Collection entries:
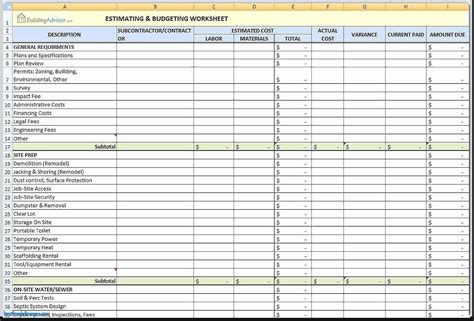 Home Renovation Spreadsheet Template Free, ☆ comprehensive renovation ...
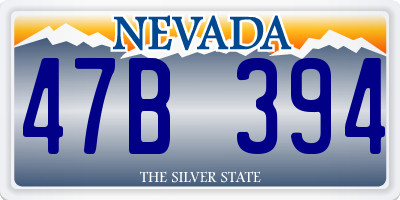 NV license plate 47B394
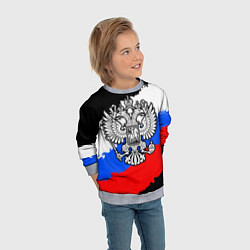 Свитшот детский Триколор - герб РФ, цвет: 3D-меланж — фото 2
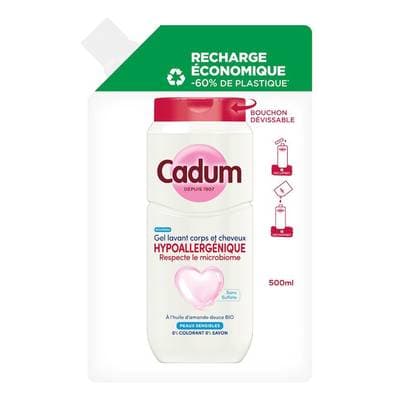 Cadum Gel Lavant pour Corps et Cheveux Hypoallergénique recharge, 500ml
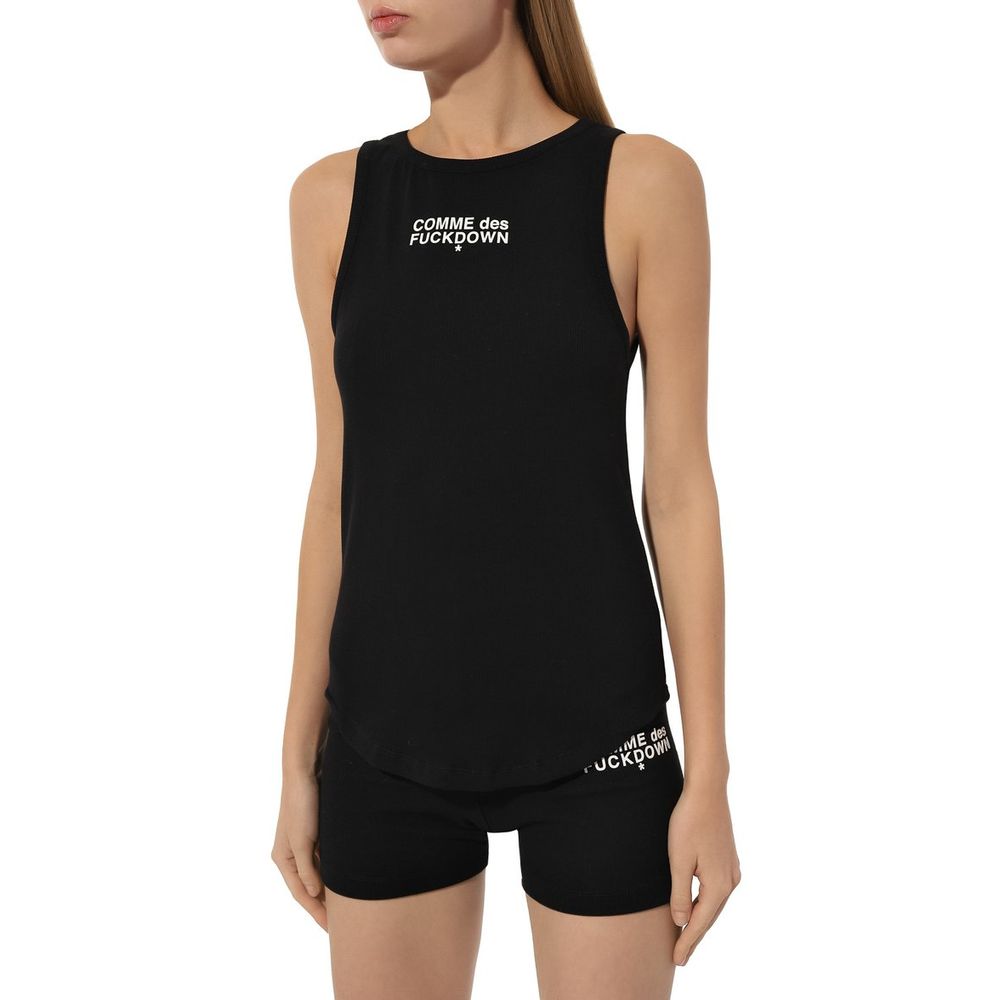 "Black Cotton Women Tank Top"-Comme Des Fuckdown-LabelTerrace.com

**Required work**
Transcribe the records word for word and include no pictures.

**Output of the exercise**
 Home Renovation Spreadsheet Template Free, ☆ comprehensive renovation ...
 NV license plate 47B394
 Свитшот детский Триколор - герб РФ, цвет: 3D-меланж — фото 2
 Cadum Gel Lavant pour Corps et Cheveux Hypoallergénique recharge, 500ml
 "Black Cotton Women Tank Top"-Comme Des Fuckdown-LabelTerrace.com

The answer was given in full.